Doe Sia is the true (also partially fictionalized, to help fill in the blanks) story of a Native American girl who helped guide and protect a group of white settlers in their journey across the prairie.

After reading this book, my daughter said “Are there any more books like this?” I visited the publisher’s web site, and sure enough–there’s an entire series!

But our library didn’t have any. Neither did local bookstores. Prima was crushed.

When Christmastime came around, Prima’s constant refrain was, “All I want for Christmas is a set of books like Naya Nuki!” So we contacted Grandview Publishing in Jackson Wyoming, who not only shipped the entire series to our home before Christmas, but who also included a delightful book on CD, and a poster of the artwork from Naya Nuki!

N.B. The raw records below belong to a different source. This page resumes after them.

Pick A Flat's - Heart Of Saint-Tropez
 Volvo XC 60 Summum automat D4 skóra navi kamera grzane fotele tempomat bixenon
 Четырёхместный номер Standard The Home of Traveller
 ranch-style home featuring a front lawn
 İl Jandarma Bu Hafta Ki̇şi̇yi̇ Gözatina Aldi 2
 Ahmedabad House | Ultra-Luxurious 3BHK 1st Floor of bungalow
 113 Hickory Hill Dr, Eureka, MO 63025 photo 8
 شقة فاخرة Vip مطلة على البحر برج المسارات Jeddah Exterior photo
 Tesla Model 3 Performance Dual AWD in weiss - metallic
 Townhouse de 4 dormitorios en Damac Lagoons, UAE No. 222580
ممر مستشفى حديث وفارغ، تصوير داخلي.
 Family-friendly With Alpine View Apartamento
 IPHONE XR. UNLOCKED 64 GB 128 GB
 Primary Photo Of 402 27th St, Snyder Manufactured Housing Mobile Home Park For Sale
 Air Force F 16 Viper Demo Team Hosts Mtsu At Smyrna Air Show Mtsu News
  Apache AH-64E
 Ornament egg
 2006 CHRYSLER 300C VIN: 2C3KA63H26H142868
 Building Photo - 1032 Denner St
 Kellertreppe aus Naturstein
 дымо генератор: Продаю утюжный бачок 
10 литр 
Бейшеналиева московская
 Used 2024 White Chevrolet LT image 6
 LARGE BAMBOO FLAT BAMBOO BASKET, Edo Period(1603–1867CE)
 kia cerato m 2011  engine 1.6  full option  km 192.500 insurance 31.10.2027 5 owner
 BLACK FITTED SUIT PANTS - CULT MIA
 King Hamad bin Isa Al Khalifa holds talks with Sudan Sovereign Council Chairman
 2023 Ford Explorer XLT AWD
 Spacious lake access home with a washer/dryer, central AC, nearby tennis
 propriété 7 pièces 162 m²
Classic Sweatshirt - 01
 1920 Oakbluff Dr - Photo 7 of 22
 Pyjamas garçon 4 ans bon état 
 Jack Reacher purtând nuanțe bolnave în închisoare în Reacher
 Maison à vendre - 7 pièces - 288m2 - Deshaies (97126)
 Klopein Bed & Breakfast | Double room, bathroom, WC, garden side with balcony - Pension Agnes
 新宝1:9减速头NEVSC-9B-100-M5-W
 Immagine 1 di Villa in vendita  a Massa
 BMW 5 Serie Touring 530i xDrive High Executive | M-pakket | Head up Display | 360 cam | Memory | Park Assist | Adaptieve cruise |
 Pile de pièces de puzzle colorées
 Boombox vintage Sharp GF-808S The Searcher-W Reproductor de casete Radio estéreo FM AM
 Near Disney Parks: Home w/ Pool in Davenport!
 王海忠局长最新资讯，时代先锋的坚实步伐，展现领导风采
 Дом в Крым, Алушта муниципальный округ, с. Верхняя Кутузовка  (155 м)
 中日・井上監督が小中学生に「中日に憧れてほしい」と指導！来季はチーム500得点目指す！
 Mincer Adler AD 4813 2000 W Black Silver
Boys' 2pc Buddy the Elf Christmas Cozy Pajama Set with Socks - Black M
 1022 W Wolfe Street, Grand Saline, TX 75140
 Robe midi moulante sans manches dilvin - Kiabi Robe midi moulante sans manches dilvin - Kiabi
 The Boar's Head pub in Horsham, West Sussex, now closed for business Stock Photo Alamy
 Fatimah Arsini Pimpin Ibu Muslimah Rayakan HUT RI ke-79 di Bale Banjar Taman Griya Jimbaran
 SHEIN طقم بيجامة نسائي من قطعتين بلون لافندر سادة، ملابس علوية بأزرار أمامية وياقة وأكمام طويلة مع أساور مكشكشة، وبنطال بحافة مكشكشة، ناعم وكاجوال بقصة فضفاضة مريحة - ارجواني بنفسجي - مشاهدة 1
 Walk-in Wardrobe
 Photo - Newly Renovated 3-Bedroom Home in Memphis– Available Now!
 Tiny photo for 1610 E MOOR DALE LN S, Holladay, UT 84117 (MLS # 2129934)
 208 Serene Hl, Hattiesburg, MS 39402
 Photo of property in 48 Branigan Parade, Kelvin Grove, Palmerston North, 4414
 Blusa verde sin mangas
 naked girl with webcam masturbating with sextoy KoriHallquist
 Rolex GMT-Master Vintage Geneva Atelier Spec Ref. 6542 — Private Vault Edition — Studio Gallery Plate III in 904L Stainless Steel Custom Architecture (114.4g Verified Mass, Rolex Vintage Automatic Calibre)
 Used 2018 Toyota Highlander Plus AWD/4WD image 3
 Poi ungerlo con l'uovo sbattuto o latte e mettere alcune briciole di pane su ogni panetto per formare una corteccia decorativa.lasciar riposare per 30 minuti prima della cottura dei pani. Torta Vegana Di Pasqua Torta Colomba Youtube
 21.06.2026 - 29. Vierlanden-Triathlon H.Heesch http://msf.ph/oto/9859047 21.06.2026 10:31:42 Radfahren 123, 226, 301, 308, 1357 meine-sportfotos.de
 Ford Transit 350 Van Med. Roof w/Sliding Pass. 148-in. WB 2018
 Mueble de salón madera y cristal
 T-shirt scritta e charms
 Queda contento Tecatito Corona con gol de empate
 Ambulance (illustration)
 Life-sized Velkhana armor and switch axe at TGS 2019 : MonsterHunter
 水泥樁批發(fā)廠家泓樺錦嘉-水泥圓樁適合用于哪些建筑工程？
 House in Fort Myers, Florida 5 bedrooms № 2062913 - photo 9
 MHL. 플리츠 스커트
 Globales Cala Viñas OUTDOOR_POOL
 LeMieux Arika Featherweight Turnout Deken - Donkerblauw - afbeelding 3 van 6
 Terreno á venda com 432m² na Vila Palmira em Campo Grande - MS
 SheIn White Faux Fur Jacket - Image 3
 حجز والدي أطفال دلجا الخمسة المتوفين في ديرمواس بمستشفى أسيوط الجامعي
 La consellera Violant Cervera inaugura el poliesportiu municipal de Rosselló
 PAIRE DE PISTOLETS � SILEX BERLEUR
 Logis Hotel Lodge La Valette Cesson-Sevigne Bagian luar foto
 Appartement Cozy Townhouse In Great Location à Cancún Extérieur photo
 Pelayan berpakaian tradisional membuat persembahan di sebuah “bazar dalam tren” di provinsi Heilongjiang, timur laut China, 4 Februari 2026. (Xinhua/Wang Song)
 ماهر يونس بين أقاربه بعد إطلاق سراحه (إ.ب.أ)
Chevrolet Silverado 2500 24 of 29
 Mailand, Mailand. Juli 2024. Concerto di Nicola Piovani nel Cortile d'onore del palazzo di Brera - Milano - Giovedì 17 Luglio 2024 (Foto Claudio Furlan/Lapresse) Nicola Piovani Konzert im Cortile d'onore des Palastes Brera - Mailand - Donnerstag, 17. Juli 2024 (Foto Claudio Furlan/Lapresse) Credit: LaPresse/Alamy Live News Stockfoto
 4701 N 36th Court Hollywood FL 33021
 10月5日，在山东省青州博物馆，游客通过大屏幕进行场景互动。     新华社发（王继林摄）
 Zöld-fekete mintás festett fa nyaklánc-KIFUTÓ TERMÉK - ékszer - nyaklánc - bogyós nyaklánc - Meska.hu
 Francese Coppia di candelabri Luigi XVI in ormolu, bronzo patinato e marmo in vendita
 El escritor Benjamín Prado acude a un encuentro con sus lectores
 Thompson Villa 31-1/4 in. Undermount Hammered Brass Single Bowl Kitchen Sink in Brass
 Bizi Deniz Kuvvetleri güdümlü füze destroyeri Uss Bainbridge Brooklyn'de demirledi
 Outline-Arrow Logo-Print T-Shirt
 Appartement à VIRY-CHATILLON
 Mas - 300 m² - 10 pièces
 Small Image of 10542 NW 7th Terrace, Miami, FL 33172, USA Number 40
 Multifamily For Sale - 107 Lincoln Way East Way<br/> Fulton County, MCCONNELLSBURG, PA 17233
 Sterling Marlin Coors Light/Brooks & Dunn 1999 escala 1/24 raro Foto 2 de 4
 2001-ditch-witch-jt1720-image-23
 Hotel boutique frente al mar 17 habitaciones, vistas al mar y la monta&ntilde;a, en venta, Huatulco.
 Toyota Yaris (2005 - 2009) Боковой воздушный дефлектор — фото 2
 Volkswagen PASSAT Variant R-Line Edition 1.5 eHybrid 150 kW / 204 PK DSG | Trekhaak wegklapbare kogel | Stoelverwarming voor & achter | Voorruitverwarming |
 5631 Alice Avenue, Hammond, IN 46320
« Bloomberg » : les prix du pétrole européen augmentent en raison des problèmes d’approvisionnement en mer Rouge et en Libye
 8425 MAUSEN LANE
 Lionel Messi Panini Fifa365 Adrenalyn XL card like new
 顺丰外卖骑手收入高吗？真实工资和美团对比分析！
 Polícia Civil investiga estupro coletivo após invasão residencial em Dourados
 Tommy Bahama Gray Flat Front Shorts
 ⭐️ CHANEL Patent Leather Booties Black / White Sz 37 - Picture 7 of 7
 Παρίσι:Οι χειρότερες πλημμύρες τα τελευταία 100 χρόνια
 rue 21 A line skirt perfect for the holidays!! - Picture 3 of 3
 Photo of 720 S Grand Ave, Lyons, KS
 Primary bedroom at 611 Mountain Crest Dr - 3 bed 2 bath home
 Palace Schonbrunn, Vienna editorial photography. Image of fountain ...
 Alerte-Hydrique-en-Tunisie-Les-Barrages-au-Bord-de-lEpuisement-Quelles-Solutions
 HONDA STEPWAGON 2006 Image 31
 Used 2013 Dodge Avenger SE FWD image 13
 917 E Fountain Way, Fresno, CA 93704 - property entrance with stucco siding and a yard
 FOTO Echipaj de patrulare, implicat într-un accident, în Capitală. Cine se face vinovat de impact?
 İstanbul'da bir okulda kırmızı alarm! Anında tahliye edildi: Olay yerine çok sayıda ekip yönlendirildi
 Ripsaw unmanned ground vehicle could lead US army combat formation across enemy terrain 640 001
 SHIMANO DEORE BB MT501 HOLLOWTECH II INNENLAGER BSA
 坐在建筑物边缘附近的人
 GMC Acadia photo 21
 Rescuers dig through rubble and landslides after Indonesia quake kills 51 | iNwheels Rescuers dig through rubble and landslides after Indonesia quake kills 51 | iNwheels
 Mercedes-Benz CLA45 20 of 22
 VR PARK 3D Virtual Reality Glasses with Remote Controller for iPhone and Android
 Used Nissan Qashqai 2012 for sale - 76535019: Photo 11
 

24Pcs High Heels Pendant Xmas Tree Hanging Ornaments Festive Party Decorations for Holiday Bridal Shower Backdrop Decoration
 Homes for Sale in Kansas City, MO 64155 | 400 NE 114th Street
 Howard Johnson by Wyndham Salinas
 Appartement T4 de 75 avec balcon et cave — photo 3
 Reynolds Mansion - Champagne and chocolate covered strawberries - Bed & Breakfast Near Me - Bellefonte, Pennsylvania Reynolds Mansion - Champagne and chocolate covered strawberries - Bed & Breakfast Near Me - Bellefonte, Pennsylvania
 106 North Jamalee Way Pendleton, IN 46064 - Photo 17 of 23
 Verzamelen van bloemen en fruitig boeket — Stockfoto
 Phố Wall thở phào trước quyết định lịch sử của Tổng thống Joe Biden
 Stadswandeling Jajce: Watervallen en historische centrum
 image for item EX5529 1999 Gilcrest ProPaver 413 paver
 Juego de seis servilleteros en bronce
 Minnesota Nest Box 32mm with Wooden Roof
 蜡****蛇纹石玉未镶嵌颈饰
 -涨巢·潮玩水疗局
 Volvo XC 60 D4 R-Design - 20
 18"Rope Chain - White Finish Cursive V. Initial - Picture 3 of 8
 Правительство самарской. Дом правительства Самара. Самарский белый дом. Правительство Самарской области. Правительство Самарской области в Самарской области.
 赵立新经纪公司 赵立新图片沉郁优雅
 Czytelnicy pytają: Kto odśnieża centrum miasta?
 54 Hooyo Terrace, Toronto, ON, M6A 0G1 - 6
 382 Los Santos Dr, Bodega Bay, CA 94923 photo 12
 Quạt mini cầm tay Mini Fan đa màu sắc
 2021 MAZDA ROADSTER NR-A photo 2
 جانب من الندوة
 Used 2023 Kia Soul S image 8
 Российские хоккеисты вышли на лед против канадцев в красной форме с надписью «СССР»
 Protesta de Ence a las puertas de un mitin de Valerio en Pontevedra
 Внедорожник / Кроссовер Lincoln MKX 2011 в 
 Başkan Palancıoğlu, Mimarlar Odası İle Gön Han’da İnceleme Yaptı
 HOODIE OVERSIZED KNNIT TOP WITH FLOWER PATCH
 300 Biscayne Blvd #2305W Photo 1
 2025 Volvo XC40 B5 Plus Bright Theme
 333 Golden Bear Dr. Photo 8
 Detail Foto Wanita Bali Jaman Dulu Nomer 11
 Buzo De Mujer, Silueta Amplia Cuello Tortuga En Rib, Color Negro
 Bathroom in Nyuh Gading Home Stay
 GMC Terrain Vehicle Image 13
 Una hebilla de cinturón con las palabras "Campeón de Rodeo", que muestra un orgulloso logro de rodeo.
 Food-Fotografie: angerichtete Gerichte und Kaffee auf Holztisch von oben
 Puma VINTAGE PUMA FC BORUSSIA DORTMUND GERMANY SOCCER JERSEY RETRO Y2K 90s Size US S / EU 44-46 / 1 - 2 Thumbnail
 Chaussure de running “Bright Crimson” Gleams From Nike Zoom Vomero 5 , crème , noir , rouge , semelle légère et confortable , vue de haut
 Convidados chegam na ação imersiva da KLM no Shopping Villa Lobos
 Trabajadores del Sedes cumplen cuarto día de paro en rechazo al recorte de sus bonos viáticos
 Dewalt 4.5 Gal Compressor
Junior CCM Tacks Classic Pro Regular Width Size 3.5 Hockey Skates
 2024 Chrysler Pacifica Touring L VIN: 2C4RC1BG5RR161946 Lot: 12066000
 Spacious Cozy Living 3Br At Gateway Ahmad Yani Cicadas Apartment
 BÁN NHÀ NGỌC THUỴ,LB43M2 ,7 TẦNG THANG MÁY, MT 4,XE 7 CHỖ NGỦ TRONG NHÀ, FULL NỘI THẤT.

If your children do not yet love history, I encourage you to check out these books, which are very entertaining and educational, and help history come alive in the hearts and minds of young children (whereas history textbooks only fill them with lifeless dates, dry facts, and summarized events).

Raising Readers

You might say that my kids like to read. Check out these pictures!

Hanging out at home:

Alone in their rooms:

Reading with siblings:

Even reading with friends who come over to “play”

So people often ask me–“How do you get your kids to read so much?”

Here’s my secret:

1) Parenting

Trelease’s Read Aloud Handbook is a parents’ guide (now being used as a teachers’ textbook by many colleges) that helps turn kids into avid readers, even if they are currently T.V.-addicted or unmotivated! Once we implemented his advice and strategies in our home–from nightly readings and strategic book-placings in the home to the more scientific “how to discuss books with kids in a way that makes them want to read more”–we noticed a huge change in our family as our children gravitated away from the television and towards books!

2) Education

From Bauer’s book The Well-Trained Mind, we learned how children of the past were taught–you know, the kids who devoured books like they were candy, back in the days before television. Whether you are a homeschooler, or just a parent wanting to enhance their child’s public education, the Well-Trained Mind is THE must-have guide for how to instill a love of learning and a passion for books in your child.

3) Activities

If your child struggles with reading comprehension, try using these Writing With Ease worksheets, which help enhance a child’s reading abilities through writing! This ingenious book takes sentences and paragraphs from classic children’s literature and asks students to read, respond to, copy, or put into their own words the things that they read. This easy-to-use program (small, 5-minute exercises!) introduces so many great books to my children that I am constantly driving to the library to feed my daughters’ “hey–I want to read that book, too!” requests after each lesson. I HIGHLY recommend these worksheets to any parent whose child struggles with reading or is not motivated to read.